21) Mideast Motors manufactures automobiles. Which of the following would not be
classified as direct materials by the company?
A.Wheel lubricant
B.Tires
C.Interior leather
D.CD player
E.Sheet metal used in the automobile’s body
22) Parker Corporation observed that when 25,000 units were sold, a particular cost
amounted to $75,000, or $3.00 per unit. When volume increased by 10%, the cost
totaled $82,500 (i.e., $3.00 per unit). The cost that Parker is studying can best be
described as a:
A.variable cost
B.fixed cost
C.semivariable cost
D.discretionary fixed cost
E.step-fixed cost
23) Norde Company is making plans for the introduction of a new product, which has a
target selling price of $7 per unit. The following estimates of manufacturing costs have
been derived for 6 million units, to be produced during the first year:
Direct material: $6,000,000
Direct labor: $2,100,000 (at $14 per hour)

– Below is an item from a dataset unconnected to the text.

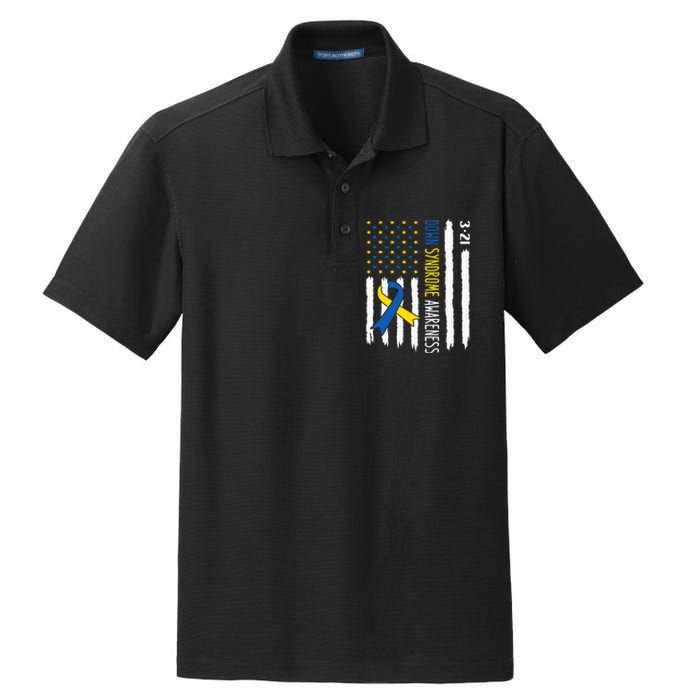 Down Syndrome Awareness Us Flag Trisomy 21 Dry Zone Grid Polo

Overhead costs have not yet been estimated, but monthly data on total production and
overhead for the past 12 months have been analyzed by using least-squares regression.

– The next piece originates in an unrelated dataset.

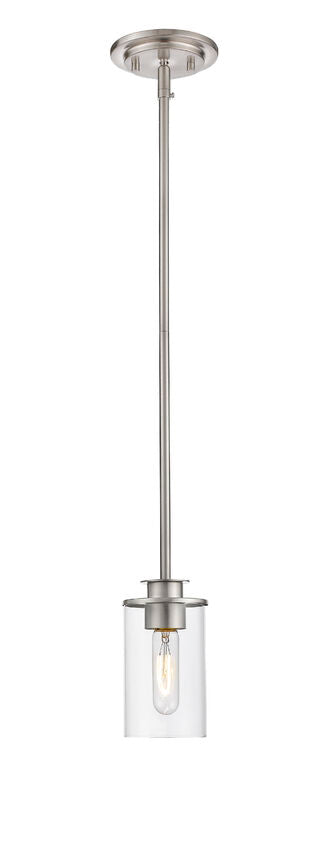 Z-Lite Savannah 5" 1-Light Brushed Nickel Mini Pendant Light With Clear Glass Shade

The major overhead cost driver is direct labor hours, with the following results:
Computed values:
Fixed overhead cost: $3,200,000
Coefficient of independent variable: $2.25
Required:
A. Prepare the company’s regression equation (Y = a + bX) to estimate overhead.
B. Calculate the predicted overhead cost at an activity level of 6,300,000 units.
C. What is Norde’s dependent variable in this case?